First, it is essential to clarify that no asphalt plant was ever installed in Zone 3. What was temporarily placed on site was a bitumen drum melter, consisting of two mobile containers, designed to melt bitumen delivered in sealed 200-litre drums for road patching works. This equipment operates in a closed system, does not involve mixing aggregates, produces no wastewater, and does not discharge liquid pollutants into the ground. Bitumen is a highly viscous product, not a free-flowing liquid, and any minor drips caused by damaged transport drums are immediately contained, collected, and cleaned.
Before installing this temporary equipment, we formally consulted the Department of Environment, informing them that the installation would be short-term, limited to a few months only, strictly for the completion of our contractual road works between the Tagabe roundabout and Clem’s Hill. This temporary installation was known by the Environment Department, and operations were conducted responsibly, without incident. At no point in time we were advised to also inform Department of Water Resources.

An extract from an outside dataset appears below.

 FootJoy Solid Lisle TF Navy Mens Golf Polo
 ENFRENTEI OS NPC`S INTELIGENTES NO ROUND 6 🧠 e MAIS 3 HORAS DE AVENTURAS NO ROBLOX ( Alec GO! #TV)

The situation escalated only after UNELCO wrote to the Department of Water Resources, asserting that the activity was illegal under a regulation introduced in 2019. While UNELCO may be legally correct on the regulatory interpretation, this regulation was never actively communicated to affected businesses. There was no awareness campaign, no direct notification, and no engagement with operators working in the area. Even the Department of Environment itself was not fully aware of the detailed scope of this regulation, which clearly demonstrates a failure of internal government communication and public awareness.
Had we been informed of these restrictions earlier, the equipment would never have been installed in that location, despite the fact that it posed no pollution risk whatsoever. Once contacted by the Department of Water Resources two weeks ago, we cooperated fully, reviewed the regulation in detail, and immediately commenced relocation — a relocation that had already been planned, as the road works near Clem’s Hill are now complete. Importantly, water testing has confirmed that no contamination occurred.
What is regrettable is the unnecessary escalation and public dramatization of a purely theoretical risk, resulting in reputational harm to a company that has always prioritised environmental responsibility. Instead of direct dialogue, this matter was turned into a public spectacle. If UNELCO or the authorities had contacted us directly, the issue would have been resolved immediately, quietly, and responsibly — without damaging public trust or creating false alarm.
For decades, our group has demonstrated genuine environmental commitment: we implemented wastewater treatment systems on waterfront developments long before they were mandatory; we operate the country’s only large-scale organic, pesticide-free beef production; and all our developments are guided by sustainability principles. To portray us as careless polluters is not only false — it is the exact opposite of who we are.
Finally, it is troubling to see the Department of Water Resources publicly celebrating a “heroic intervention” against a pollution event that never existed, while real and documented pollution issues, such as the long-term wastewater contamination of Lagoon 1 by public infrastructure, remain unresolved. This selective enforcement sends the wrong message to the public, to investors, and to tourists.
This matter was mishandled. There was no pollution, no intent to pollute, and no environmental damage. There was, however, a serious failure of communication, proportion, and judgment — and unfortunately, the cost has been borne by our reputation.
Beyond this specific incident, this situation exposes a far deeper and more damaging issue in Vanuatu: the systemic failure of government services and the environment this failure creates for private investment.
When public institutions lack coordination, clarity, accountability, and professionalism, they do not protect the country — they weaken it. Unclear regulations, inconsistent enforcement, and sudden public actions without prior engagement create confusion and fear, not compliance. This is not effective governance; it is institutional dysfunction.
As a result, projects stall for years waiting for permits. Decisions change without explanation. Files move endlessly between departments that do not speak to one another. What should be routine becomes exhausting, unpredictable, and deeply discouraging. Serious, transparent, long-term investors — particularly those committed to sustainable development — eventually give up or leave.
In contrast, this same dysfunctional system becomes fertile ground for unscrupulous investors who specialise in opacity, influence, and corruption, while honest investors with genuine development objectives are pushed away. This dynamic is extremely dangerous for the country’s future, eroding trust, distorting development, and replacing responsible investment with opportunistic behaviour that brings short-term gain and long-term damage.
If this reality is not addressed urgently, Vanuatu will continue to lose honest private capital, skilled employment, and sustainable growth — not because investors lack interest, but because the system itself actively repels the very investors it needs most.